* [Exercise instructions] Find, in the records below, the line that contains "4 Rue Joe Carman, Bondy" and the line that contains "Détail de la". Copy those two lines and everything between them exactly, but not the pictures.

* [Material for this task]

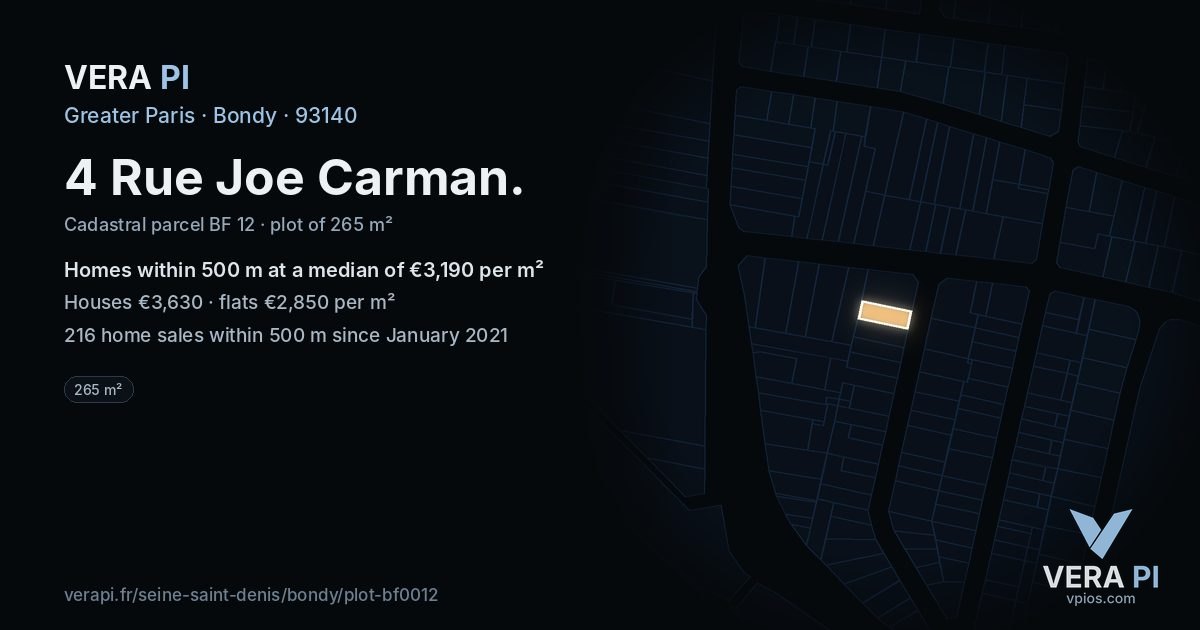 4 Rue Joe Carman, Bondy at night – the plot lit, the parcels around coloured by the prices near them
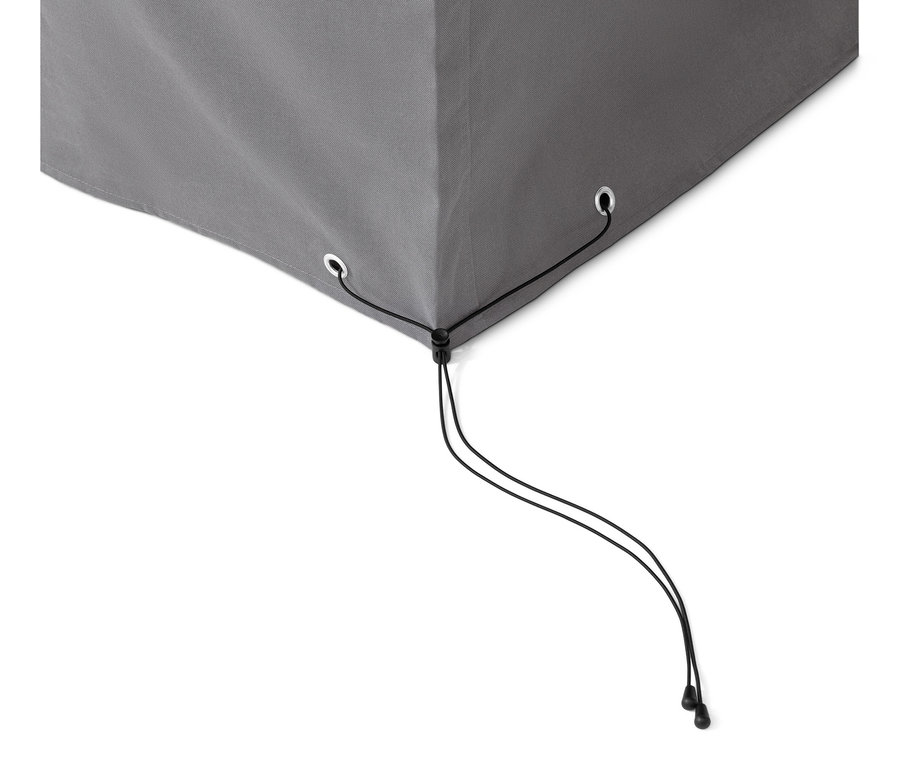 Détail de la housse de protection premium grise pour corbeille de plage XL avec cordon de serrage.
* * *
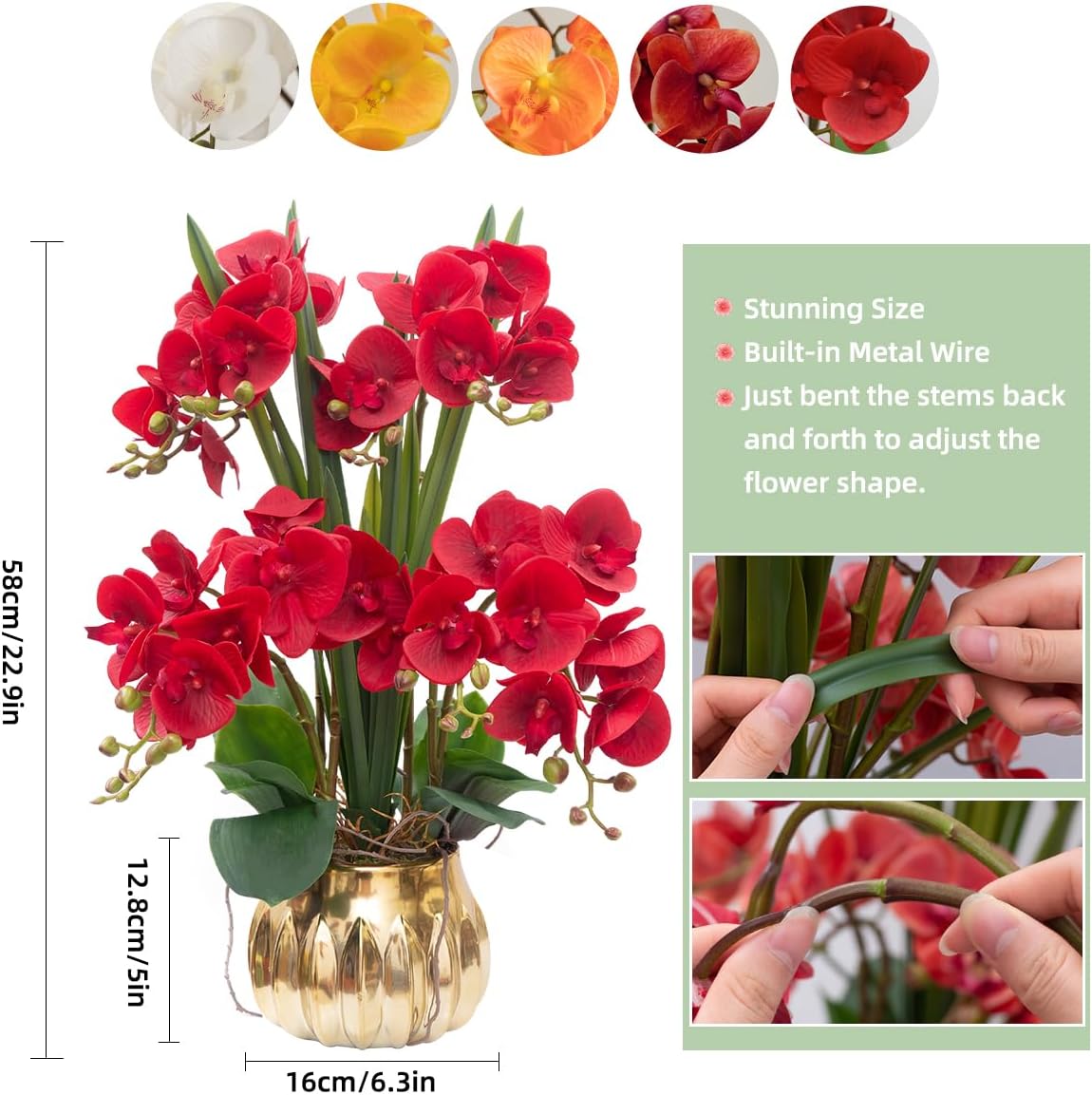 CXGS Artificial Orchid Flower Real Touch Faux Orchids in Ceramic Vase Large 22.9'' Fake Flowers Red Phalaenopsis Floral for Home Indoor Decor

* [Answer to this task]
 4 Rue Joe Carman, Bondy at night – the plot lit, the parcels around coloured by the prices near them
 Détail de la housse de protection premium grise pour corbeille de plage XL avec cordon de serrage.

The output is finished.